What should come back is the data below, word for word, minus any picture.

### Recorded data

▼▼▼

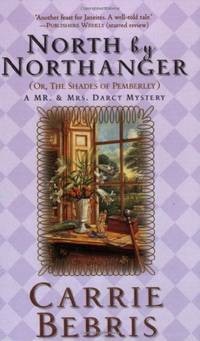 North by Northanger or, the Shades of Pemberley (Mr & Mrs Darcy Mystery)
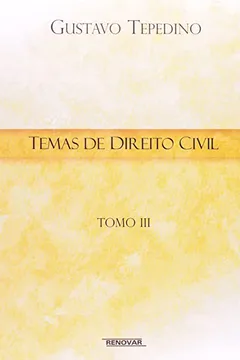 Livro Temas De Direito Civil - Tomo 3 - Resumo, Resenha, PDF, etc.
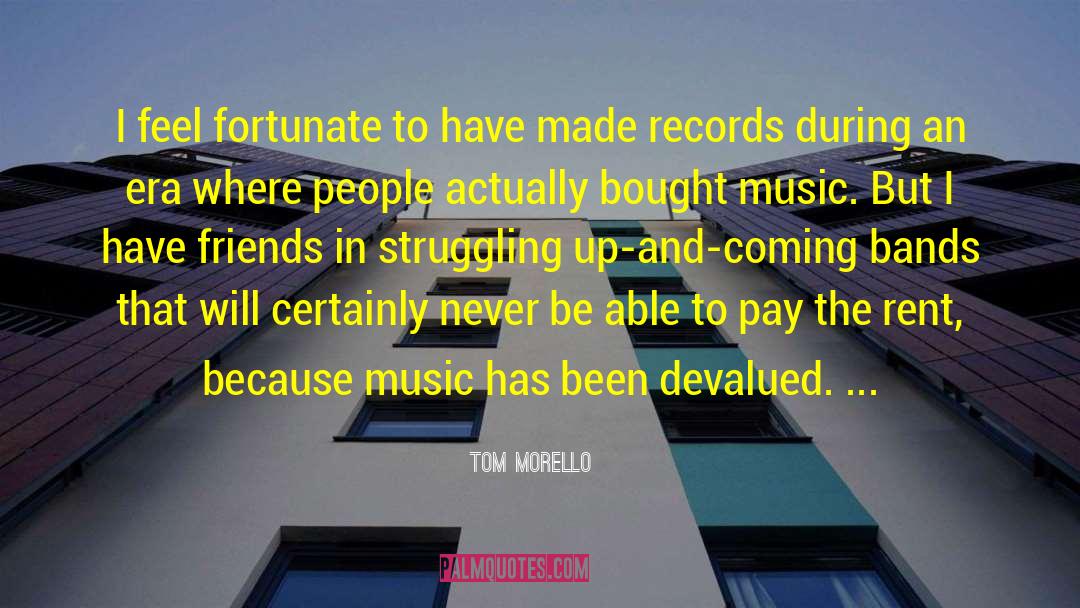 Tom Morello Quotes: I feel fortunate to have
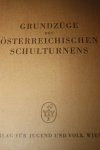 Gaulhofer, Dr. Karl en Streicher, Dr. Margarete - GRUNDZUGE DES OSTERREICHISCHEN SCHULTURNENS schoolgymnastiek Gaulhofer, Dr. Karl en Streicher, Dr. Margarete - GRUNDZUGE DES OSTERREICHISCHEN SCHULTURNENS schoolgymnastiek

▲▲▲

### Exercise result
 North by Northanger or, the Shades of Pemberley (Mr & Mrs Darcy Mystery)
 Livro Temas De Direito Civil - Tomo 3 - Resumo, Resenha, PDF, etc.
 Tom Morello Quotes: I feel fortunate to have
 Gaulhofer, Dr. Karl en Streicher, Dr. Margarete - GRUNDZUGE DES OSTERREICHISCHEN SCHULTURNENS schoolgymnastiek Gaulhofer, Dr. Karl en Streicher, Dr. Margarete - GRUNDZUGE DES OSTERREICHISCHEN SCHULTURNENS schoolgymnastiek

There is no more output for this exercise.